Third, upon exploring the feasibility of β-amination of an alcohol containing a stronger tertiary C–H bond (Figure 2, 27), we observed successful HAT from the radical of imidate 28 to afford β-iodide 30 (53% yield). This interception of intermediate 29 supports our proposed mechanistic hypothesis of I· trap, and explains the importance of subsequent nucleophilic I⁻ displacement by the imidate for overall β-amination (since substitution is more facile for benzyl iodides than nonbenzyl iodides).

Figure 2.

New radical chaperone enables extension to aliphatic alcohols.

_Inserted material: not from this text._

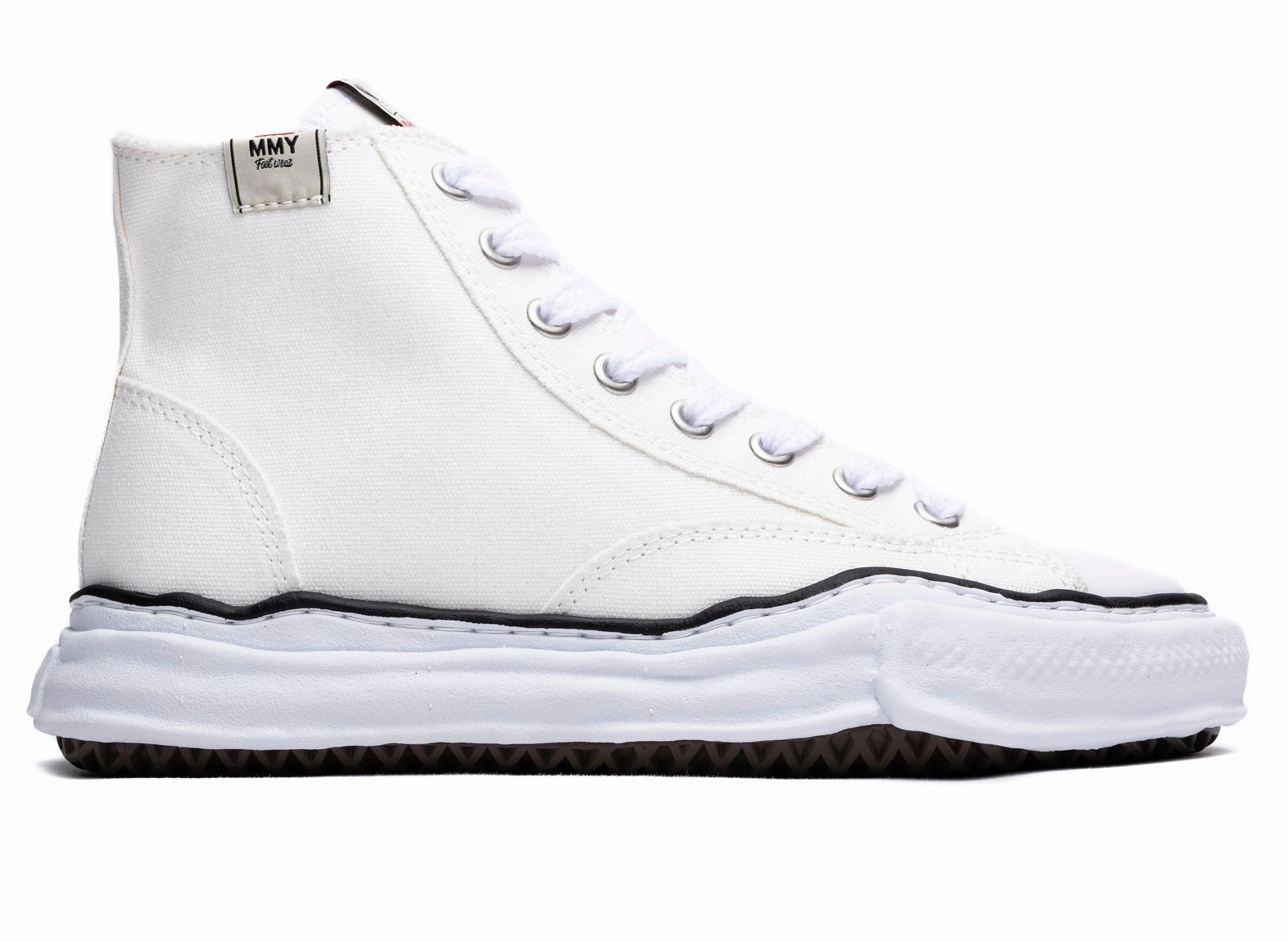 Clipart Of High Heel Shoes Maison Mihara Yasuhiro Peterson High in White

This observation, coupled with an understanding of the viability, and importance, of HAT in overall amination, encouraged us to investigate benzimidate 28 (R = Ph), which simultaneously has a more reactive N-radical (Figure 1b) and more nucleophilic N. In this case, oxazoline 31 is obtained exclusively (62% yield), without any iodide 29 remaining after 24 h. Finally, in contrast to the trichloroacetimidate-derived products, benzimidates afford protected β-amido alcohols. However, free amino alcohol 32 can also be obtained upon hydrolysis with NaOH, or via acyl migration (e.g., 37, 38).

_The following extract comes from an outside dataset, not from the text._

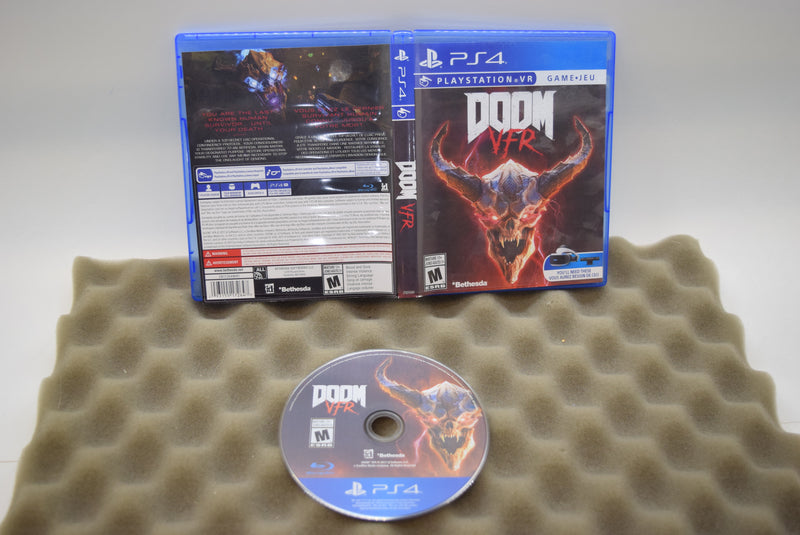 Doom VFR - Playstation 4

With a second-generation, benzimidate chaperone enabling β C–H amination of aliphatic alcohols, we sought to explore the scope and generality of this alternate approach (Table 2). Notably, even an alcohol with strong, primary β C–H bonds (BDE: 101 kcal/mol),²¹ such as ethanol, affords β-amido alcohol 33. Longer alcohols with unbiased, secondary β C–H bonds (34, 35) provide even greater efficiency–consistent with our observation that triiodide-based C–H amination enables methylene functionalization.⁵ Orthogonal functionality is tolerated under these mild, radical-mediated conditions, including ethers, esters, and amines (36–38). Secondary alcohols can also undergo β-amination (39, 40), complementary to metal-mediated approaches.³ Last, subjecting enantio-pure (S)-2-methyl-butanol to the C–H amination provides amide 41 with complete stereoablation (0% es), reinforcing the presence of planar radical or cationic intermediates.

Table 2.

β C–H Amination of Aliphatic Alcohols

A synthetic benefit of our radical chaperone strategy is the intermediacy of an oxazoline heterocycle that can be easily derivatized to many, useful synthetic functionalities.²³ To demonstrate this wide utility, the β C–H amination products were converted to several valuable motifs (Scheme 2). First, in situ hydrolysis of the oxazoline with TsOH provides acetamide 42 as a complementary product to the unprotected β amino alcohols shown in Table 1 (via HCl hydrolysis). Next, subjecting 42 to NaOH afforded carbamate 43. Importantly, oxazoline 6 could be isolated in 88% yield, enabling several further derivatizations. For example, DDQ oxidation provides a unique method of synthesizing oxazole 44 from an alcohol and nitrile. Additionally, nucleophilic ring-opening of oxazoline 6 provides access to a family of β-amines, including thioester 45 (via KSAc), azide 46 (via Me₃Si–I, then NaN₃), and halides 47–49 (via Me₃Si-X). Lastly, deoxygenation via iodination and Raney Ni reduction affords alkane 50, wherein the alcohol is a traceless activator in a formal β C–H amination.

Scheme 2.

Synthesis of a Family of β-Amines

In summary, this radical relay chaperone strategy for rapidly converting ubiquitous alcohols into β-amino analogs, in a single afternoon, provides a powerful synthetic alternative to access these privileged motifs. We expect this broadly applicable β C–H amination scheme, and its wide product versatility, will enable streamlined syntheses of complex, amine-containing molecules from their abundant alcohol precursors. Finally, building on this first example of imidate-mediated HAT, we anticipate the use of radical relay chaperones will enable further discovery of regioselective C–H functionalizations.